Of IRA audits, 70% happen through the mail and and 50% involve EITC claimants. That’s because, compared with labor-intensive field audits, correspondence audits of EITC claimants are easy to trigger, cost very little, and require minimal effort by IRS personnel. Unfortunately, the burden of correspondence audits on EITC claimants is more likely to fall on lower income individuals whose tax returns are less complex and less likely to lead to litigation, as this research team noted in a recent paper about vertical equity in tax audits.
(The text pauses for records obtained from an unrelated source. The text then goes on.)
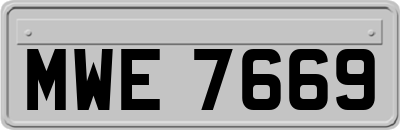 MWE7669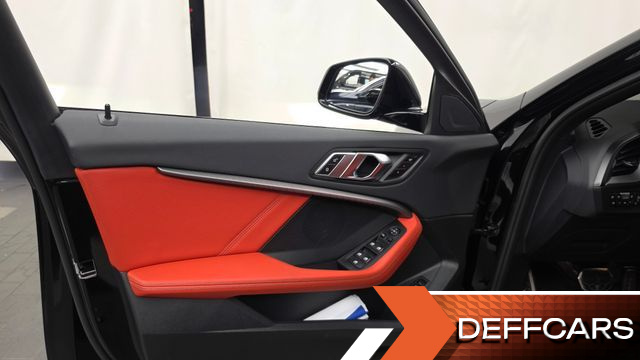 BMW 1-SERIES 120i M Sports купить на сайте DeffCars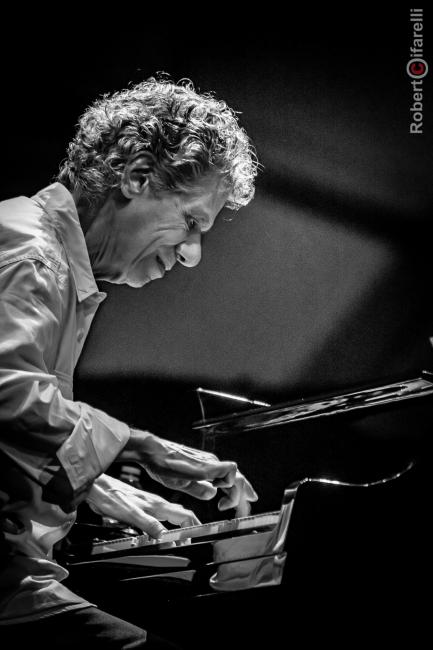 chick corea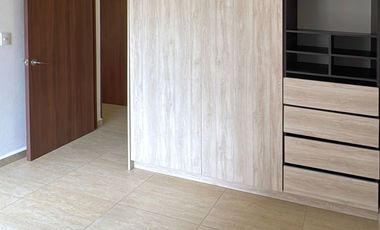 DEPARTAMENTO EN VENTA CITY ESMERALDA, LAGO ESMERALDA, ATIZAPÁN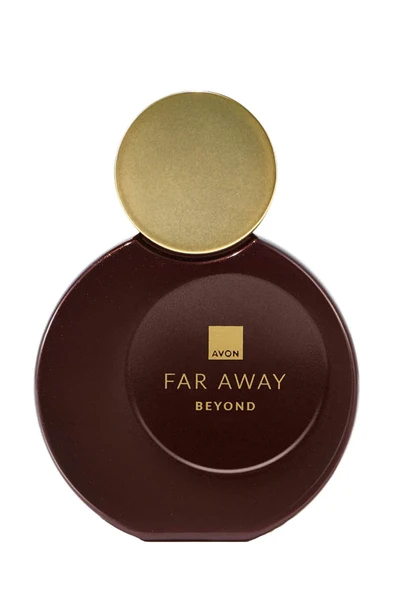 Far Away Beyond Kadın Parfüm Edp 50 Ml. ürün görseli 1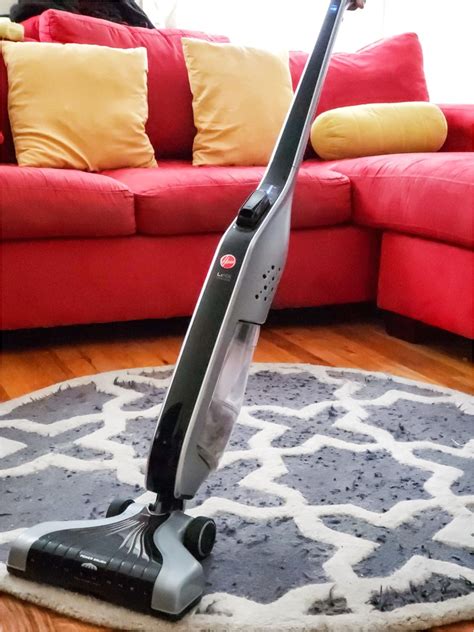 Best Cordless Stick Vacuum For Tile Floors – Flooring Tips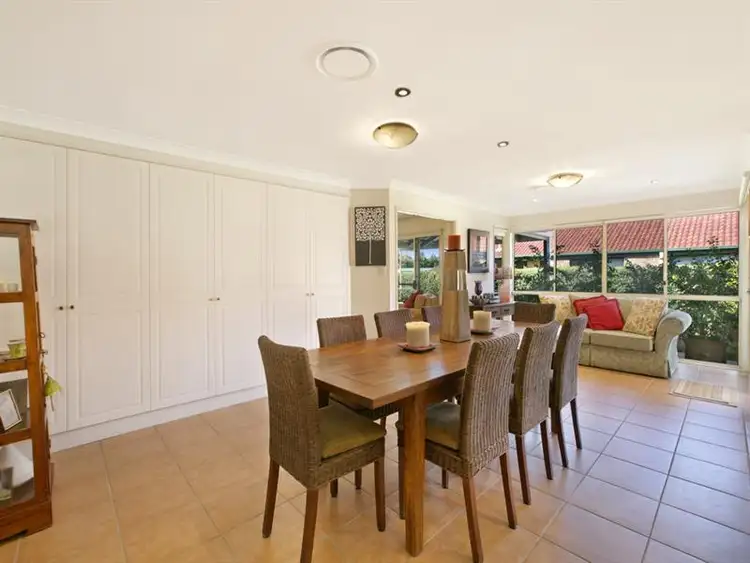 Third view of Homely house listing, 6 Heritage Drive, Wellington Point QLD 4160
In their new work, the team found that additional aspects of the IRS audit selection process driven by an impetus to reduce costs have a racially disparate impact. For example, even among correspondence audits of EITC claimants, the IRS devotes fewer resources to auditing EITC returns with business income. It’s likely that’s partly because auditing EITC returns with business income would be more expensive (approximately $385 per audit compared to $29 per audit for EITC claimants with no business income), says coauthor Hadi Elzayn, researcher at the Stanford RegLab. And, the team found, this cost-saving measure has a disparate impact on Black taxpayers, who make up only 10% of EITC claimants reporting business income but 20% of EITC claimants who don’t report business income.
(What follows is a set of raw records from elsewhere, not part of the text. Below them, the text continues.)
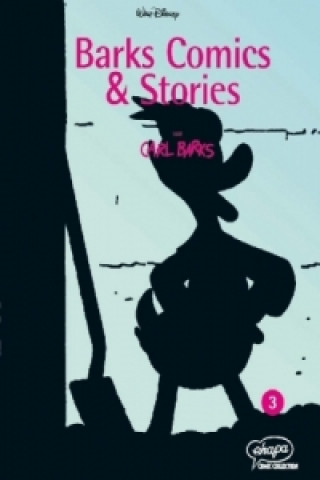 Barks Comics & Stories. Bd.3
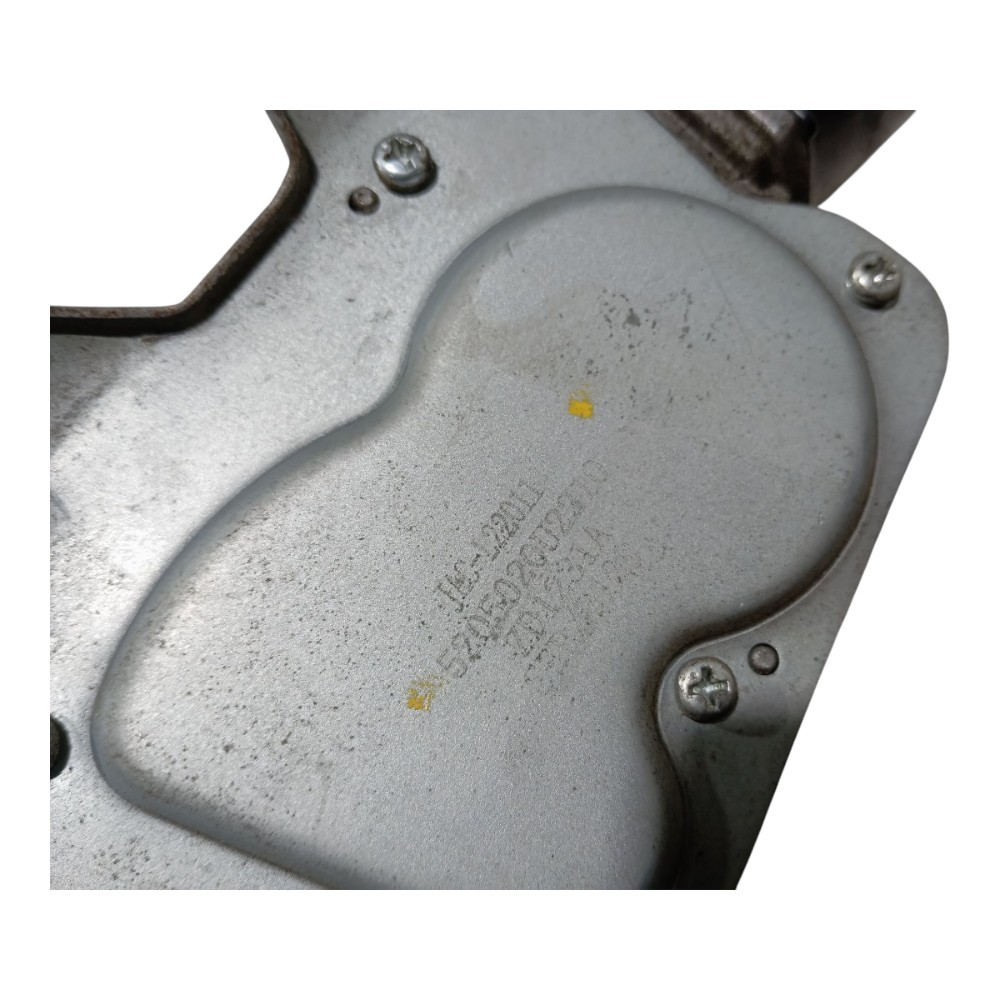 Motor Limpador Traseiro Jac T50 2017 2021 V662 6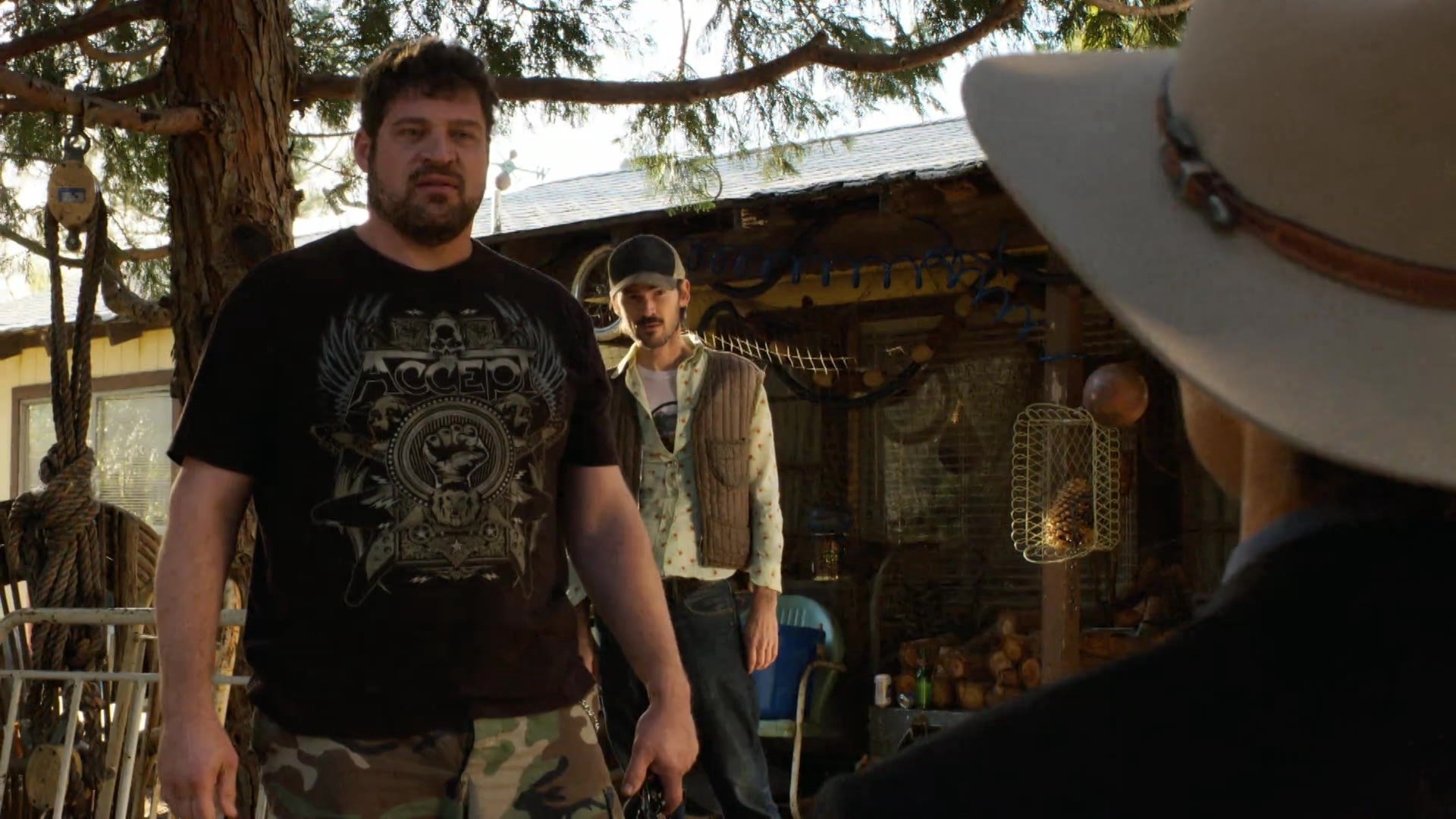 Сезон 2 Серия 8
Yet even if IRS resource limits explain some of the racial disparities the team observed, they don’t explain all of them. “Even holding fixed how many audits are devoted to EITC claimants who report business income, we still observe racial disparities,” Elzayn says.

PATHS TO FIXING THE ISSUE

The study’s authors have not made any formal recommendations for how to make the IRS audit selection algorithm more just. Instead, they have documented the likely effects of alternative policies, which provides the IRS with several potential pathways for alleviating the racial impact of its audit selection system. These include predicting and focusing on the magnitude of taxpayers’ underreported income rather than just the likelihood of it; viewing dollars as equal whether they are to be paid in refundable credits or received in taxes; and using IRS resources to audit more complex returns rather than focusing only on the simpler ones that are cheaper to audit.
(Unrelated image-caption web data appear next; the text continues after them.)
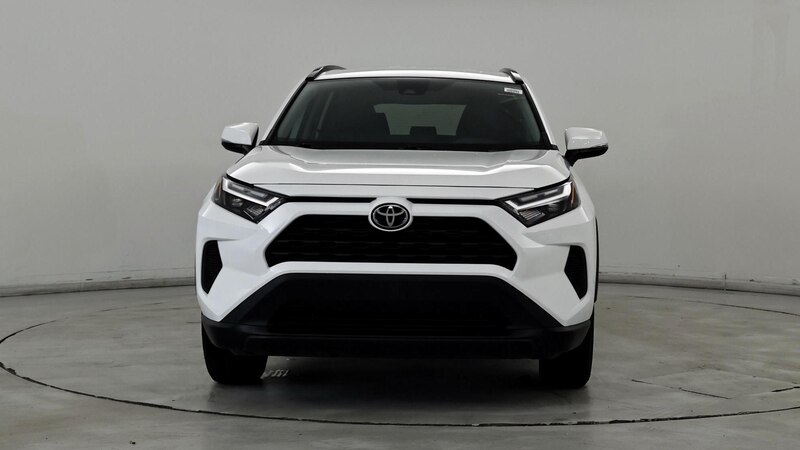 2024 Toyota RAV4 XLE 5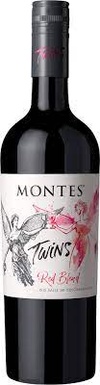 Montes Twins - Red Blend 2019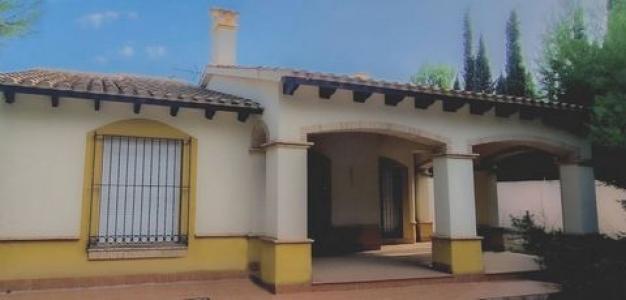 Annonce Vente Maison Fuente-alamo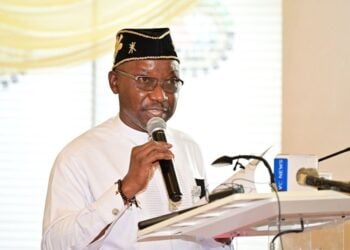 Use Local Content Law To Boost Gas Production, Ekpo Urges Firms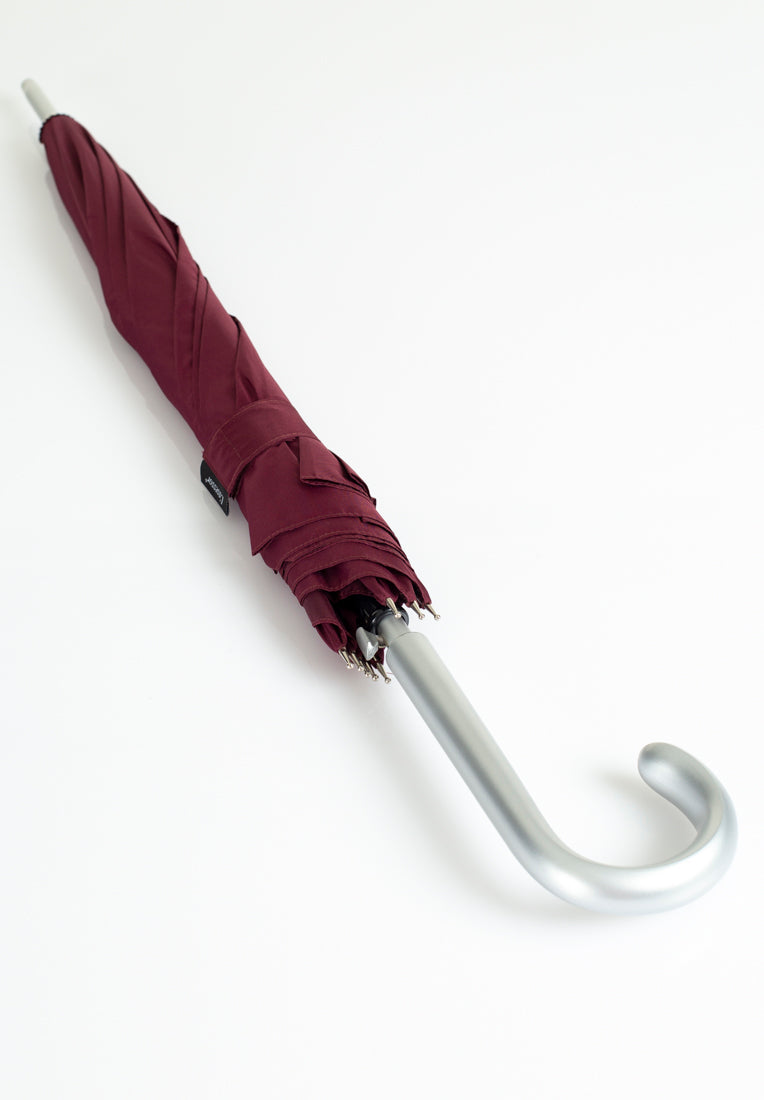 Lasessorrain-Automaattinen pitkä sateenvarjo - 8774-ylhaalta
Before Biden signed the Racial Justice Executive Order that engendered this research project, the IRS had neither the impetus nor the ability to do that. Now that they know the equity implications of how they select audits, Ho hopes they will tweak their confidential audit selection algorithm.

“Racial disparities in income are well known, and what the IRS chooses to focus on has big implications for whether audits complement, or undercut, a progressive tax system,” Ho says.

Additional coauthors of the paper are from the University of Chicago and the US Department of the Treasury’s Office of Tax Analysis.